---- Material provided
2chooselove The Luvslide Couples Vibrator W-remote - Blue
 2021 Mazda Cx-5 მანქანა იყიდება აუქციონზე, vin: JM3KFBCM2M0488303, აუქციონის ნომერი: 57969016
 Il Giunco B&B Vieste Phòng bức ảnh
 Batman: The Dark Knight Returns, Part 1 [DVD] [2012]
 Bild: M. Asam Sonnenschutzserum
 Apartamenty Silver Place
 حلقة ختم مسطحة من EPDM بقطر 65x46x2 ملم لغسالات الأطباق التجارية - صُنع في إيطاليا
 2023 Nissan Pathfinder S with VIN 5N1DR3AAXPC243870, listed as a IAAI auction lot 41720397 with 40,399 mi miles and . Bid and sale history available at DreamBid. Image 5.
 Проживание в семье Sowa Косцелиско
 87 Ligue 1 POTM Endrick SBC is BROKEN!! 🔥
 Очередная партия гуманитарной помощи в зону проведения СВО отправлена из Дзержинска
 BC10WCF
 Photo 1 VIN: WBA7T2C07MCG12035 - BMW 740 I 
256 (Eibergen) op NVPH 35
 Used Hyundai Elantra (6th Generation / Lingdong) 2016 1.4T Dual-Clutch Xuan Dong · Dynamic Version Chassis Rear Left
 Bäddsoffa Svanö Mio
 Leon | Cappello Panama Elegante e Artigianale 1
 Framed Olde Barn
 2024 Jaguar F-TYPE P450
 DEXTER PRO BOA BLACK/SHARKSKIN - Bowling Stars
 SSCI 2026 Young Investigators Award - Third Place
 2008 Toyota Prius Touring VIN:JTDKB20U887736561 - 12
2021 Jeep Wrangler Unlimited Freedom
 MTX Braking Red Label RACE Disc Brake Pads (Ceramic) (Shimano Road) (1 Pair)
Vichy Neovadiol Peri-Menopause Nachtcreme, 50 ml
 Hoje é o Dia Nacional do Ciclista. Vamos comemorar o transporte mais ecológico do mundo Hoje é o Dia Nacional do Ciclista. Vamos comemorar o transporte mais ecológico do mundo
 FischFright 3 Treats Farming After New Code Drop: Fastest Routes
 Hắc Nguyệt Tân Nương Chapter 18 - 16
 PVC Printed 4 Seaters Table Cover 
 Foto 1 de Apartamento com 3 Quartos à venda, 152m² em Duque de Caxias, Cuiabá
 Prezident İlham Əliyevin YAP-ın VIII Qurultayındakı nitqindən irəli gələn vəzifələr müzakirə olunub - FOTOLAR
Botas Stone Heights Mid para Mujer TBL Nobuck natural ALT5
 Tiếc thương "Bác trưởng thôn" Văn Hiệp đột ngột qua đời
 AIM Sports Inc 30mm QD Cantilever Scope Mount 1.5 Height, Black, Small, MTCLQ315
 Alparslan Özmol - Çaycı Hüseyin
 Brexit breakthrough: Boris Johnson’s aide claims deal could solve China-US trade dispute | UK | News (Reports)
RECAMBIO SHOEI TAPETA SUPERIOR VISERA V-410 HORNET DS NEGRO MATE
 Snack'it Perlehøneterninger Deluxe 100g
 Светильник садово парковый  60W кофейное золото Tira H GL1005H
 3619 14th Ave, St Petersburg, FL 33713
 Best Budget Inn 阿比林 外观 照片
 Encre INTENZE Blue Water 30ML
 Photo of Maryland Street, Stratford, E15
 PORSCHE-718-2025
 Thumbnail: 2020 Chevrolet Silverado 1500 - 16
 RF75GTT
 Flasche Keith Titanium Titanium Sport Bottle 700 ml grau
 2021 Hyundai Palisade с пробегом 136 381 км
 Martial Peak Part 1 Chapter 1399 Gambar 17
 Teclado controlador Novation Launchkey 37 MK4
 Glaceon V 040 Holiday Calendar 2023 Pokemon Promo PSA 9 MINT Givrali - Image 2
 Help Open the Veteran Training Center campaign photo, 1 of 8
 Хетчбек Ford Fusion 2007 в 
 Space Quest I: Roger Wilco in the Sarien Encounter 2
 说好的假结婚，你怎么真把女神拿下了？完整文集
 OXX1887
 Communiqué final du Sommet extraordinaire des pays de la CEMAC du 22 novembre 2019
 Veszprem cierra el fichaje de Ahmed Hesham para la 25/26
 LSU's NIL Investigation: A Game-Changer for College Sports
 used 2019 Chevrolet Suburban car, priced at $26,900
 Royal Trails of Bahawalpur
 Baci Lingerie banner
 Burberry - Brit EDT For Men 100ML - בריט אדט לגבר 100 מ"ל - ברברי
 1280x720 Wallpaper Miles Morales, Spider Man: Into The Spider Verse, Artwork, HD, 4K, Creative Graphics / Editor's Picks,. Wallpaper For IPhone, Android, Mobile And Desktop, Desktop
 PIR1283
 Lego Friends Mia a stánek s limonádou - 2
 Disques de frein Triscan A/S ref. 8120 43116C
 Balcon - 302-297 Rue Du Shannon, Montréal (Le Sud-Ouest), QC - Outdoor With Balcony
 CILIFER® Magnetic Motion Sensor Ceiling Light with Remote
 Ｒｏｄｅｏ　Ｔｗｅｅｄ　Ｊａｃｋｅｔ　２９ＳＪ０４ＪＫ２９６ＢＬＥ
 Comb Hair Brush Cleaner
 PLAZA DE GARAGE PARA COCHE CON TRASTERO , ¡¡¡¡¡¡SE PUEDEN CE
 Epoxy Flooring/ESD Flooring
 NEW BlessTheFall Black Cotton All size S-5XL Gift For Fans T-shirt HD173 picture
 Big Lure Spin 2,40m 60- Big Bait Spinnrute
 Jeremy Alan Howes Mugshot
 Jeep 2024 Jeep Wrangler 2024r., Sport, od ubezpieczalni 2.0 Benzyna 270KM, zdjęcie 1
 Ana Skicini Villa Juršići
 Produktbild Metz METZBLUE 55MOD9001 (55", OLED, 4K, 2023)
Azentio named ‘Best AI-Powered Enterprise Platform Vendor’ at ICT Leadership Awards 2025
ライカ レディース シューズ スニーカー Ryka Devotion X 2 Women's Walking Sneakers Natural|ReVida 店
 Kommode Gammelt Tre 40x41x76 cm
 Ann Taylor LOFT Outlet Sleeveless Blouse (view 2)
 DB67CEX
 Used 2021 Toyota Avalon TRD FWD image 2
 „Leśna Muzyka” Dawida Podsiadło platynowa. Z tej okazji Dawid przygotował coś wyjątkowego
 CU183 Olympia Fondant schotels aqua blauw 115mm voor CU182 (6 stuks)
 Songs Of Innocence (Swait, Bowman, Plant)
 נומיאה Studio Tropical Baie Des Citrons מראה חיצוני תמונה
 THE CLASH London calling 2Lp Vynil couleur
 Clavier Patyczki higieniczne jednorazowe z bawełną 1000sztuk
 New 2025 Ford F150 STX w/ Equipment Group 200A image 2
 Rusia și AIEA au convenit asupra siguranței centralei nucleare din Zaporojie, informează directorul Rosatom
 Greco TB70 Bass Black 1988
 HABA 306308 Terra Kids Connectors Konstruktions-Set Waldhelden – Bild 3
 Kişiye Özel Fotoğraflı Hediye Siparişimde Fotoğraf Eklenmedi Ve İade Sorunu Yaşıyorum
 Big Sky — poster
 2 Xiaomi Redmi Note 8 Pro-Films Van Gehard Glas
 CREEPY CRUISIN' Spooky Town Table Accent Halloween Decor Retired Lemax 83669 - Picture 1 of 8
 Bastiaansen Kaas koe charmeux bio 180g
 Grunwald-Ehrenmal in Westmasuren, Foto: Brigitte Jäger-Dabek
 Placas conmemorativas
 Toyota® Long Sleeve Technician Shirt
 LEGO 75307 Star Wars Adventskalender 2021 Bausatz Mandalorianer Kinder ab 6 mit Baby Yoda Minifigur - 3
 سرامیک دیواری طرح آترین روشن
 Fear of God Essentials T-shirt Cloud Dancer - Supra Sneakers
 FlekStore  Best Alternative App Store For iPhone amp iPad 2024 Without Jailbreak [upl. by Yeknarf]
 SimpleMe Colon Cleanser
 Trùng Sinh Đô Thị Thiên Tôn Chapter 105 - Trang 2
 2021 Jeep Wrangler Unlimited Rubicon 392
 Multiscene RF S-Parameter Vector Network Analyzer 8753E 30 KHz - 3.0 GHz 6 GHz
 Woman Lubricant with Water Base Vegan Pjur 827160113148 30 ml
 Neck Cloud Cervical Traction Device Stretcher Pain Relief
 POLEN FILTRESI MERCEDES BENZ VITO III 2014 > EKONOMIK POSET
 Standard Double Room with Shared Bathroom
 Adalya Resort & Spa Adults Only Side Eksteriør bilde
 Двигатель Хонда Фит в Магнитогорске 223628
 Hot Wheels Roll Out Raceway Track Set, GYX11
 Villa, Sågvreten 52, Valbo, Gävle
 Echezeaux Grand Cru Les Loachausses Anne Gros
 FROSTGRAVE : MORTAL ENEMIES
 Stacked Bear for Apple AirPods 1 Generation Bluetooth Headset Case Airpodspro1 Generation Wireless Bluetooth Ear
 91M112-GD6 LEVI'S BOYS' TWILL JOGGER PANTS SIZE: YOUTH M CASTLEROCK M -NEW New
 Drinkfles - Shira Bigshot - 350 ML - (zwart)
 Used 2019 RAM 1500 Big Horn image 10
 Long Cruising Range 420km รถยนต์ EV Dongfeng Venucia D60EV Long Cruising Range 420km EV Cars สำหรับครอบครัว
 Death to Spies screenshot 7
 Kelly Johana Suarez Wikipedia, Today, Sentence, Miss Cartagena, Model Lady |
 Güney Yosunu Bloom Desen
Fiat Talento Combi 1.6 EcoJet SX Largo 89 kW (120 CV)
--------
§ Aim of the exercise:
Nothing should appear in the answer except the lines above from the line with "Balcon - 302-297" through the line with "HABA 306308 Terra", both included, written out exactly.

§ Written reply:
 Balcon - 302-297 Rue Du Shannon, Montréal (Le Sud-Ouest), QC - Outdoor With Balcony
 CILIFER® Magnetic Motion Sensor Ceiling Light with Remote
 Ｒｏｄｅｏ　Ｔｗｅｅｄ　Ｊａｃｋｅｔ　２９ＳＪ０４ＪＫ２９６ＢＬＥ
 Comb Hair Brush Cleaner
 PLAZA DE GARAGE PARA COCHE CON TRASTERO , ¡¡¡¡¡¡SE PUEDEN CE
 Epoxy Flooring/ESD Flooring
 NEW BlessTheFall Black Cotton All size S-5XL Gift For Fans T-shirt HD173 picture
 Big Lure Spin 2,40m 60- Big Bait Spinnrute
 Jeremy Alan Howes Mugshot
 Jeep 2024 Jeep Wrangler 2024r., Sport, od ubezpieczalni 2.0 Benzyna 270KM, zdjęcie 1
 Ana Skicini Villa Juršići
 Produktbild Metz METZBLUE 55MOD9001 (55", OLED, 4K, 2023)
Azentio named ‘Best AI-Powered Enterprise Platform Vendor’ at ICT Leadership Awards 2025
ライカ レディース シューズ スニーカー Ryka Devotion X 2 Women's Walking Sneakers Natural|ReVida 店
 Kommode Gammelt Tre 40x41x76 cm
 Ann Taylor LOFT Outlet Sleeveless Blouse (view 2)
 DB67CEX
 Used 2021 Toyota Avalon TRD FWD image 2
 „Leśna Muzyka” Dawida Podsiadło platynowa. Z tej okazji Dawid przygotował coś wyjątkowego
 CU183 Olympia Fondant schotels aqua blauw 115mm voor CU182 (6 stuks)
 Songs Of Innocence (Swait, Bowman, Plant)
 נומיאה Studio Tropical Baie Des Citrons מראה חיצוני תמונה
 THE CLASH London calling 2Lp Vynil couleur
 Clavier Patyczki higieniczne jednorazowe z bawełną 1000sztuk
 New 2025 Ford F150 STX w/ Equipment Group 200A image 2
 Rusia și AIEA au convenit asupra siguranței centralei nucleare din Zaporojie, informează directorul Rosatom
 Greco TB70 Bass Black 1988
 HABA 306308 Terra Kids Connectors Konstruktions-Set Waldhelden – Bild 3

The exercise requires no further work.